Die Bilder der Videofalle sind vielversprechend: Mehrmals ist ein kräftiger junger Gorilla zu sehen – auf einem Baum, beim Streifzug durch den Wald, an einer Futterstelle. Für den Parkmitarbeiter ein gutes Zeichen: Es deutet darauf hin, dass sich die Population in der Schutzzone erholt. Was er allerdings nicht weiß: Handelt es sich bei dem jungen Affen um ein und dasselbe Exemplar oder um verschiedene Männchen? Die Information, wie viele Tiere sich in einem Areal aufhalten, ist entscheidend, um die vom Aussterben bedrohten Arten effektiv schützen zu können. Die Parkmitarbeiter scheuen daher kaum einen Aufwand, um aussagekräftige Zahlen über die Population zu erhalten: Sie suchen Wälder nach Futter- und Sammelplätzen der Tiere ab, lesen Spuren und versuchen, diese bestimmten Individuen zuzuordnen. Darüber hinaus werten sie stundenlang Aufnahmen von Video- und Fotofallen aus – ein mühevolles und zeitaufwändiges Vorgehen, das zudem subjektiv und fehleranfällig ist.

Eine neue Software könnte den Wildhütern die Arbeit bald erleichtern: Sie durchsucht Fotos oder Videos nach Sequenzen, auf denen die Tiere zu sehen sind und ordnet die Bilder einzelnen Exemplaren zu. Wissenschaftler der Fraunhofer-Institute für Integrierte Schaltungen IIS und Digitale Medientechnologie IDMT sowie des Max-Planck-Instituts für evolutionäre Anthropologie entwickeln das Verfahren für die Software im Projekt SAISBECO gemeinsam.
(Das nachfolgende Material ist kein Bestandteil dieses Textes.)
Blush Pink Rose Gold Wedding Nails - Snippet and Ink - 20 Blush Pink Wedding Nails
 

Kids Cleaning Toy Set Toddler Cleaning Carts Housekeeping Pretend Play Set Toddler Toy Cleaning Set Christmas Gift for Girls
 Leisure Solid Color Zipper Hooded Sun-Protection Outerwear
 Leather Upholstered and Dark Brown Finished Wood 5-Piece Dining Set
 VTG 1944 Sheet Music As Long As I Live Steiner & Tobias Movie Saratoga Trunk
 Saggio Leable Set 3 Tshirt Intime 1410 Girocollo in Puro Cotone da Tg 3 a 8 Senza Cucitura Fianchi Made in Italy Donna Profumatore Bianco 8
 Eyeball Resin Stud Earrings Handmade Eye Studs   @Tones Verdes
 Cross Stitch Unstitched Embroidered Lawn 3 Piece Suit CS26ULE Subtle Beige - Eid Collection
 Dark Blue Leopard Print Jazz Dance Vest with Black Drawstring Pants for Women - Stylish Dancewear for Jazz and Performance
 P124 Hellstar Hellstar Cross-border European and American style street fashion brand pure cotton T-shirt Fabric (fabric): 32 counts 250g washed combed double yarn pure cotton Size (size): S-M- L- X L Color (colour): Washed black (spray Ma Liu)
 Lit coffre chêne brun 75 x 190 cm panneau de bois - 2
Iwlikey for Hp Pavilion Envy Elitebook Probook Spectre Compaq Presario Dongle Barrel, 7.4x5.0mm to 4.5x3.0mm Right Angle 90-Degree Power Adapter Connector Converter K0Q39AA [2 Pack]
„Zuerst wird das Bildmaterial nach Aufnahmen gefiltert, auf denen überhaupt Gesichter der Tiere zu sehen sind“, erklärt Alexander Loos vom IDMT in Ilmenau. Diesen Part übernimmt eine Detektions-Software, die Forscher am IIS in Erlangen entwickelt haben. Gesichter lassen sich damit auf Einzelbildern, aber auch auf Videostreams in Echtzeit detektieren. Loos und seine Kollegen entwickeln nun ein Modul, das die Gesichter den jeweiligen Individuen zuordnen soll. „Unsere Software analysiert mittels spezieller Algorithmen die Gesichter der Affen“, erklärt Loos. Bislang setzen die Wissenschaftler dazu Erkennungsalgorithmen ein, die zur Analyse das gesamte Gesicht nutzen. Bei einem Datenpool von 24 Schimpansen des Leipziger Zoos, den die Max-Planck-Forscher zusammengestellt haben, lag die Erkennungsrate bereits bei 83 Prozent.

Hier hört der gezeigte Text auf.